Version info: KGJz8vHocu

Apr 03 '23 02:04 EfourC

@EfourC Very strange problem, since the recent update is not stable, you can try to see if this problem is reproduced on the old version, for example git checkout a9fed7c.

Apr 03 '23 03:04 Sakura-Luna

With that commit, and the current master, the problem doesn't happen -- I only see it after everything is upgraded for Torch2.

Behavior Ok: DiMNEWHhQP MGZ5Fxp7GT

Apr 03 '23 04:04 EfourC

I did some more permutations of testing, especially to see if --opt-sdp-attention instead of xformers made a difference with the Torch 2 venv.

What I found out is that the problem is actually --opt-channelslast causing the massive delay for me in with Torch 2.

Both of these startup args work ok: --xformers --no-half-vae --opt-sdp-attention --no-half-vae

Using --opt-channelslast with either of the above creates the problem delay for me.

I haven't looked at (or used previously) any of the other performance optimization switches, but it's probably worth people trying them out on different types of systems (since I blundered into an issue with this one). https://github.com/AUTOMATIC1111/stable-diffusion-webui/wiki/Command-Line-Arguments-and-Settings

Apr 03 '23 04:04 EfourC

Honestly if there is going to be a move to Torch 2.0.0, it should wait until after Torch 2.0.1 is released as there is currently a major bug that made it into GA that breaks compatibility with WebUI when using torch.compile. See: https://github.com/pytorch/pytorch/pull/97862 and https://github.com/pytorch/pytorch/issues/93405

Apr 04 '23 15:04 mariaWitch

I'm aware of that issue, but WebUI does not use torch.compile on its own and anyone that is experienced enough to use it would hand pick torch version manually anyhow.

Torch 2.1 has no benefits for normal WebUI user. And existing Torch 1.13 is showing it's teeth with quite a few install issues lately.

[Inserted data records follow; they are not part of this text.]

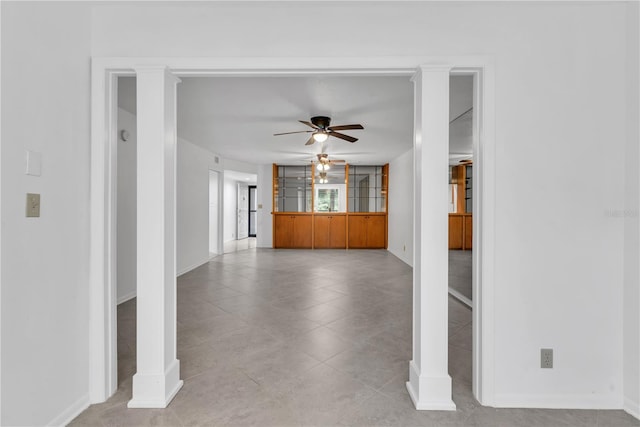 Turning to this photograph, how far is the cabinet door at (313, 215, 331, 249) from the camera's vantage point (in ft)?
25.7

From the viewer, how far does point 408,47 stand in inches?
64.9

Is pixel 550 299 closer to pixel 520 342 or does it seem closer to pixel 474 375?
pixel 520 342

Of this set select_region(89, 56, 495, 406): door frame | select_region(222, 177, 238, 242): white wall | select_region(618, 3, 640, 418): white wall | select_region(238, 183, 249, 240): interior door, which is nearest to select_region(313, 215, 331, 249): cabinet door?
select_region(222, 177, 238, 242): white wall

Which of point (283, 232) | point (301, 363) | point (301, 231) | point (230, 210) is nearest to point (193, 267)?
point (283, 232)

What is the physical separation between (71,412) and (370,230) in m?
6.87

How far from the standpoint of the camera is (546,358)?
5.33ft

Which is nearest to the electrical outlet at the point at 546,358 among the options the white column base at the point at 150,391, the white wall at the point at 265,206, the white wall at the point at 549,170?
the white wall at the point at 549,170

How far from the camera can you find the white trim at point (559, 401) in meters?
1.61

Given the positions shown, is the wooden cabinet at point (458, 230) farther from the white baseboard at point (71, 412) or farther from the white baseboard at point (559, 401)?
the white baseboard at point (71, 412)

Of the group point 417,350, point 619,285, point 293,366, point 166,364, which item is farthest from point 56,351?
point 619,285

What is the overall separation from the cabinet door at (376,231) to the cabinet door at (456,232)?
4.90m

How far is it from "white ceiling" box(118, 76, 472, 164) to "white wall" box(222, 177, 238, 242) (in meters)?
3.83

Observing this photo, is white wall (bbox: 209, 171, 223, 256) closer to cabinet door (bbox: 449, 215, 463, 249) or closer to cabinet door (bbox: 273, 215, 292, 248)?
cabinet door (bbox: 273, 215, 292, 248)

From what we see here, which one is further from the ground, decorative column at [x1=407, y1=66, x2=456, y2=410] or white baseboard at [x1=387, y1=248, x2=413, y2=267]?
decorative column at [x1=407, y1=66, x2=456, y2=410] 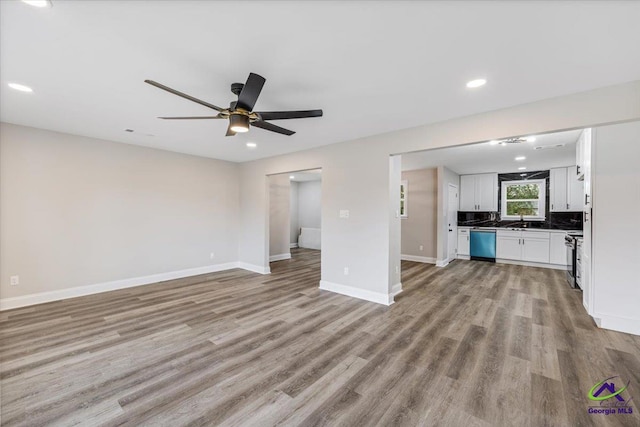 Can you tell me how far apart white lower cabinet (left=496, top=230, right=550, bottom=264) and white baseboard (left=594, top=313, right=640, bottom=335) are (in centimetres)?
394

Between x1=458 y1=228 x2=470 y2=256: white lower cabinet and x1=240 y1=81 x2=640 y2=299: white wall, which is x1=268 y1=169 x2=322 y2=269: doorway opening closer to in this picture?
x1=240 y1=81 x2=640 y2=299: white wall

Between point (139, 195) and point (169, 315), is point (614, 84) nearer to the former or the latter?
point (169, 315)

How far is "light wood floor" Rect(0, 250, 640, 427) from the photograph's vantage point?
1778 mm

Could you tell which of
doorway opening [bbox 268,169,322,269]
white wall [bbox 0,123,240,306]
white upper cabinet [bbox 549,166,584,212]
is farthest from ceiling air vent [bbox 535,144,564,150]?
white wall [bbox 0,123,240,306]

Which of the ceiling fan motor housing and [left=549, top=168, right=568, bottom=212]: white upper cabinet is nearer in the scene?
the ceiling fan motor housing

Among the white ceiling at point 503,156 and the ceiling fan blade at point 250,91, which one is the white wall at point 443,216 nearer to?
the white ceiling at point 503,156

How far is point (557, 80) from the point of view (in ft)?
7.47

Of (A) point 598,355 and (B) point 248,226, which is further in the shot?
(B) point 248,226

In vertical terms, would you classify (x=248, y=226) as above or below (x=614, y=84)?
below

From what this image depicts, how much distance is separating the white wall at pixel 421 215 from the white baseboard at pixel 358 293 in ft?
11.9

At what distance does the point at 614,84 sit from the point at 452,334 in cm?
286

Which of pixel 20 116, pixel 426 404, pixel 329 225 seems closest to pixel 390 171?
pixel 329 225

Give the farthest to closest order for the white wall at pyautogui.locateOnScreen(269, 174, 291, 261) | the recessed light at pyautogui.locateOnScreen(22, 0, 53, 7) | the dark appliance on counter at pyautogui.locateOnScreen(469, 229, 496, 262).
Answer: the white wall at pyautogui.locateOnScreen(269, 174, 291, 261) → the dark appliance on counter at pyautogui.locateOnScreen(469, 229, 496, 262) → the recessed light at pyautogui.locateOnScreen(22, 0, 53, 7)

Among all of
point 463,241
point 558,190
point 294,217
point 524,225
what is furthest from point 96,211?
point 558,190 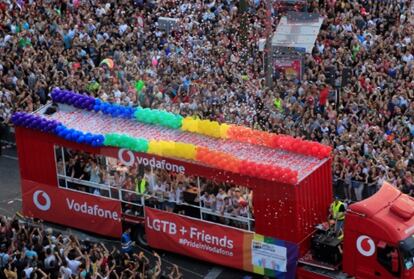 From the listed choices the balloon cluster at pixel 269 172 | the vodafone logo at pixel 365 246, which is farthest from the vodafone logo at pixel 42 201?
the vodafone logo at pixel 365 246

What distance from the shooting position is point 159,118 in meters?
21.3

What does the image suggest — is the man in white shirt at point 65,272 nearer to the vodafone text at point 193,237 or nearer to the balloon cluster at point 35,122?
the vodafone text at point 193,237

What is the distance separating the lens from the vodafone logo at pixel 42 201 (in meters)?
22.2

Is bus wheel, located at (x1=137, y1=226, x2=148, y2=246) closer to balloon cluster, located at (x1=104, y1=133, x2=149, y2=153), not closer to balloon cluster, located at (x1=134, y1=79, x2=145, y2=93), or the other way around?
balloon cluster, located at (x1=104, y1=133, x2=149, y2=153)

Whole point of the PR is not to enable experimental use, but to make it simpler for normal users.

Apr 04 '23 16:04 vladmandic

fyi, i've initially updated xformers to 0.0.18, but there are frequent reports of NaN values, especially during hires operations, so i've downgraded to 0.0.17. performance wise, i don't see any major difference, so this is not a big loss. like i said before, goal of this PR is to get cleanest out-of-the-box environment where least number of users have issues, not just go with latest&greatest.

Apr 04 '23 21:04 vladmandic

Torch 2.1 has no benefits for normal WebUI user. And existing Torch 1.13 is showing it's teeth with quite a few install issues lately.

Whole point of the PR is not to enable experimental use, but to make it simpler for normal users.

It isn't 2.1, we aren't waiting a whole major release, Torch 2.0.1 came out of phase 0 yesterday. I still believe that Torch 2.0 should not be merged until the blocking issue upstream is resolved in the next minor update as I believe PyTorch botched the initial GA release of 2.0, and we shouldn't be running that version of Pytorch until it is more mature.

Apr 04 '23 21:04 mariaWitch

Torch 2.1 has no benefits for normal WebUI user. And existing Torch 1.13 is showing it's teeth with quite a few install issues lately. Whole point of the PR is not to enable experimental use, but to make it simpler for normal users.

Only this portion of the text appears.